GET+SET vs PICK+POKE - What's The Difference?

hostilefork · December 7, 2021, 3:31pm

In trying to think about what the fundamental pieces of this system really are, I've crept toward the idea that PICK and POKE are fundamentally cell-based operations... with no path processing.

This would mean that all path processing logic is actually driven by GET and SET, which implements itself on top of PICK and POKE.

To give you an idea of what I mean by that... let's look at a hypothetical poke of an immediate value:

>> obj: make object! [d: 21-Nov-2021/18:56:45-5:00]
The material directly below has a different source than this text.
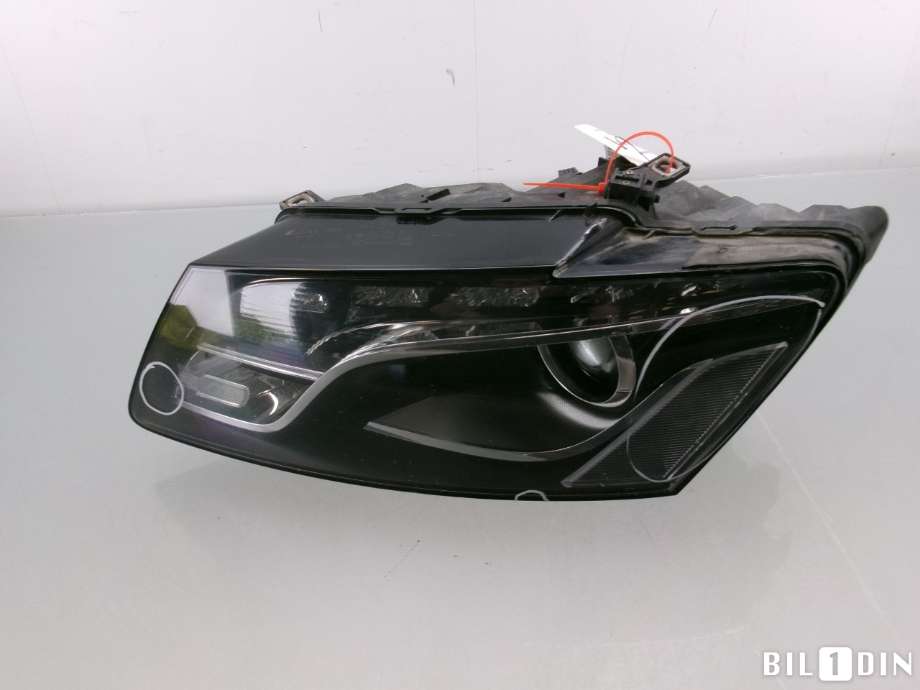 Frontlykt venstre xenon til Audi Q5 2008-2012 (Type I, Fase 1) (AUDI|8R0941029AF|)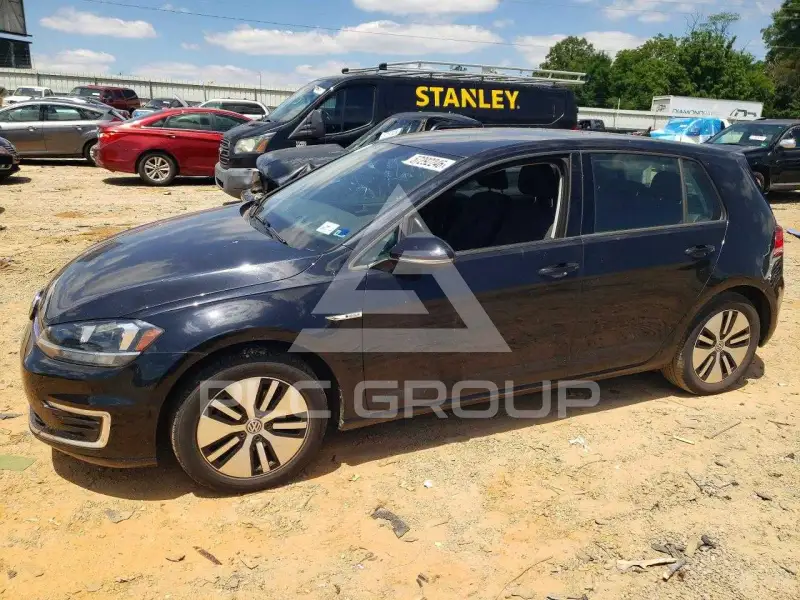 2019 Volkswagen GOLF photo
>> poke obj.d 'time 12:00  ; poke receives cell bits but *not* an address
== 21-Nov-2021/12:00-5:00

>> obj
== make object! [
    d: 21-Nov-2021/18:56:45-5:00  ; no change to stored cell
]

So we see POKE has the smarts to be given the immediate value of a DATE! (which fits in 4 platform pointers), and some field (e.g. time) to produce a new DATE!. But it wasn't equipped to be able to change that original value.

It may be that this specific case should give an error if you use it without a flag showing that you know you're not changing anything.

>> poke obj.d 'time 12:00
** Error: DATE! will not be mutated via POKE, use /IMMEDIATE if this is ok

>> poke/immediate obj.d 'time 12:00
== 21-Nov-2021/12:00-5:00

But the idea would be that when you use a SET-WORD! or a SET, the translation is different:

obj.d.time: 12:00  -or-  set 'obj.d.time 12:00
=>
poke obj 'd (poke (pick obj 'd) 'time 12:00)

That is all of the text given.